=== DATA EXCERPT ===
= Beginning of Section =

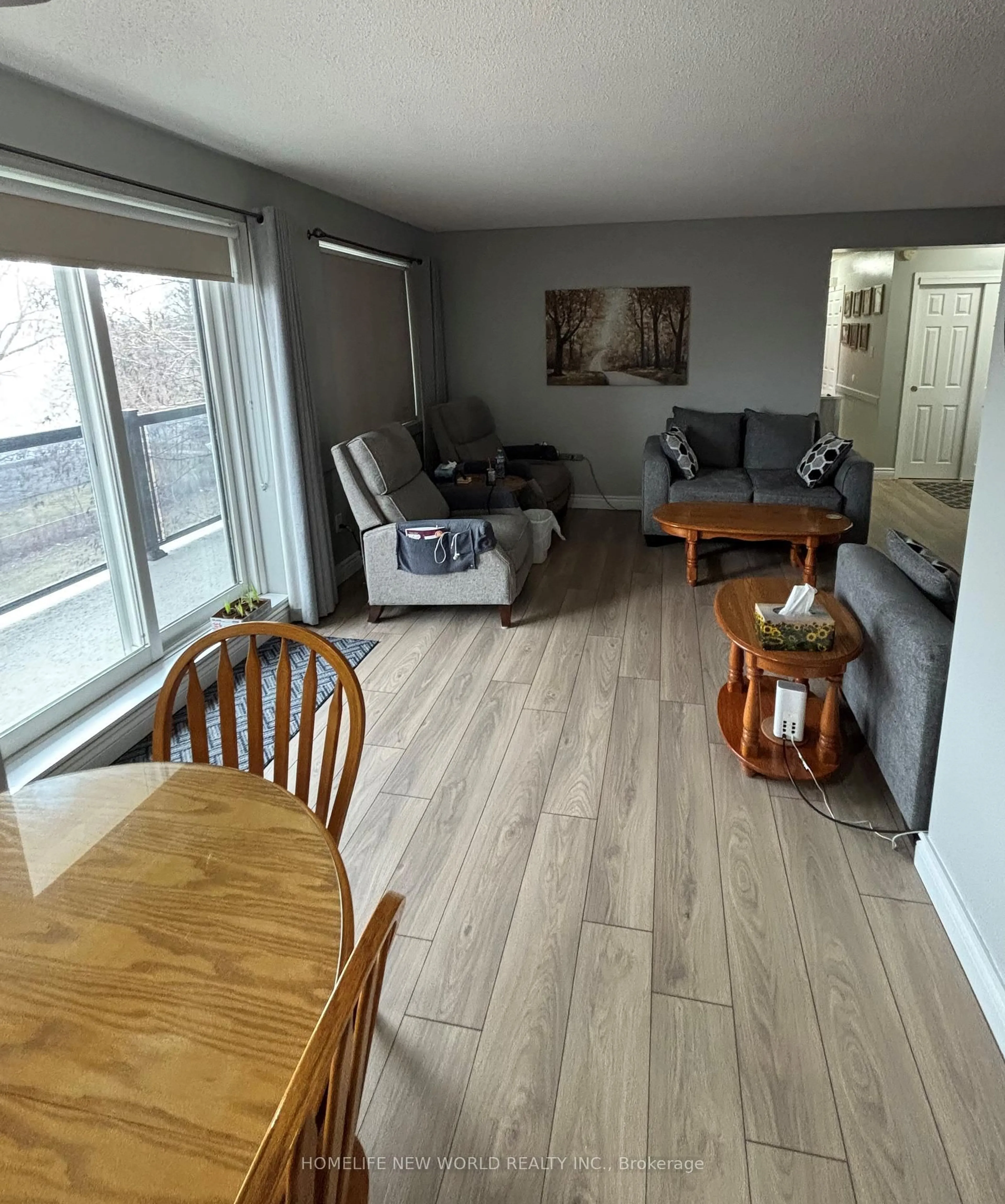 Living room with furniture, wood/laminate floor for 131 Taunton Rd #402, Oshawa Ontario L1G 3T8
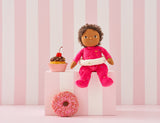 OLLI ELLA Dinky Dinkum Doll Sadie Sprinkles sitting on a box with a cupcake and donut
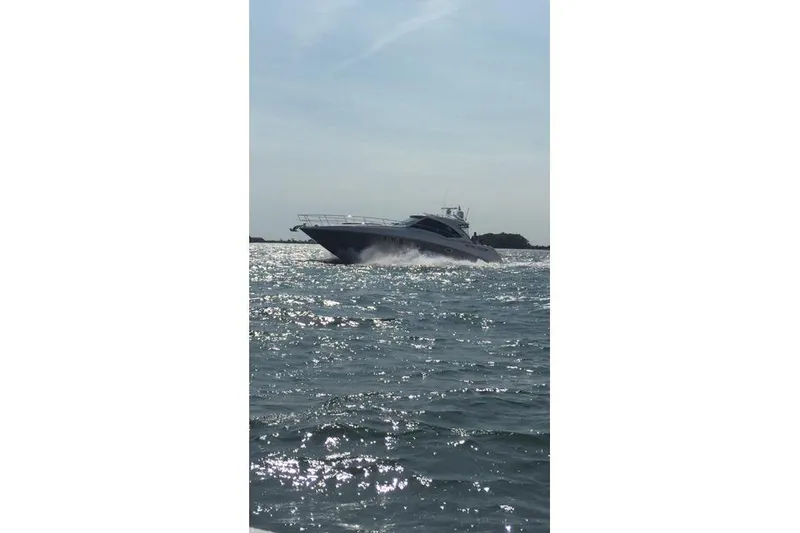 Slide: The Image of 2006 Sea Ray 48 Sundancer cruising on open water under a clear sky. - 44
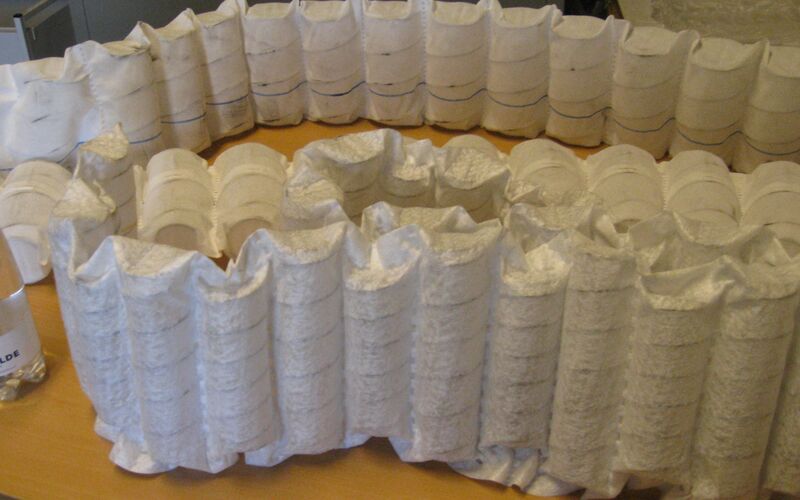 Bed springs being compacted in RUNI compactor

= End of Section =

=== TASK DETAILS ===
Every last line above must be reproduced as written, and no pictures belong in the copy.

=== EXERCISE ANSWER ===
 Living room with furniture, wood/laminate floor for 131 Taunton Rd #402, Oshawa Ontario L1G 3T8
 OLLI ELLA Dinky Dinkum Doll Sadie Sprinkles sitting on a box with a cupcake and donut
 Slide: The Image of 2006 Sea Ray 48 Sundancer cruising on open water under a clear sky. - 44
 Bed springs being compacted in RUNI compactor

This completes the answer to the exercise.